How do we view historical projects? What do we need to do to gain insights from these projects?

 

Conventional wisdom around 30 years ago viewed dinosaurs as slow lumbering creatures. The name terrible-lizard inferred large, cold blooded reptiles that lived in a hot tropical climate. This was a long held view initiated by Richard Owen 130 years earlier. Note in the Yale University Zallinger mural (circa 1940) the slow moving T-Rex with tail trailing along the ground, or the Triceratops with splayed lizard legs.

Dinosaurs Murial 1940
Fast forward to today and conventional wisdom views dinosaurs as agile, warm blooded creatures, closer to birds than reptiles, that lived in the extremes of hot and cold climates (deserts and polar regions). Why this shift in views and thinking? What has changed in the last 30 years? You could argue the influx of new technologies has had an impact.

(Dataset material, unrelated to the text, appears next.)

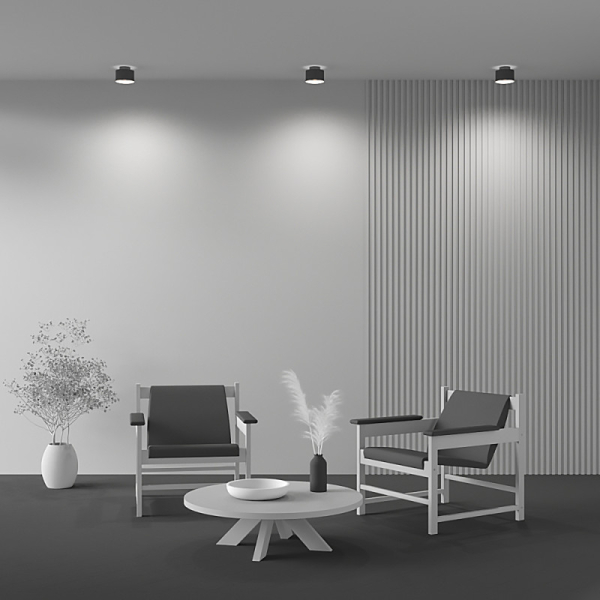 Накладной светильник Maytoni Technical C009CW-L16B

For example, X-ray computed tomography (CTs), computer generated imagery that provides biomechanical simulations, comparative anatomy with modern animals in similar ecological niches, and forensic science. However, foremost the biggest change was reviewing the known evidence more carefully, objectively and logically. Paleontology has taken a path over the last 30 years which absorbs and borrows approaches from other disciplines. Reinterpreted Dinosaurs Murial 1940

Today's view of historical project management is inaccurate, biased, and unrealistic. It has been badly distorted by fiction, the media, film and pop culture of the 20th century. For example, conventional widom is that the Giza Pyramid was built by thousands of slaves who were worked unmercilessly to death. Based on recent archaeological evidence this view needs to be updated in a similar way the view of dinosaurs has been in the last 30 years. We need to start to reinterpret historical project management, like the paleontologists and look to field archeologists, climate scientists, forensists, so that we can connect or equate it to modern project management, and see it as a natural evolution.

 
This is a principle objective of the publication The History of Project Management which reinterprets historical project management by taking lessons from other disciplines for example, Egyptologist Mark Lehner (Director of Ancient Egypt Research Associates and research associate at the University of Chicago) who uncovered the workers village at Giza in the eighties.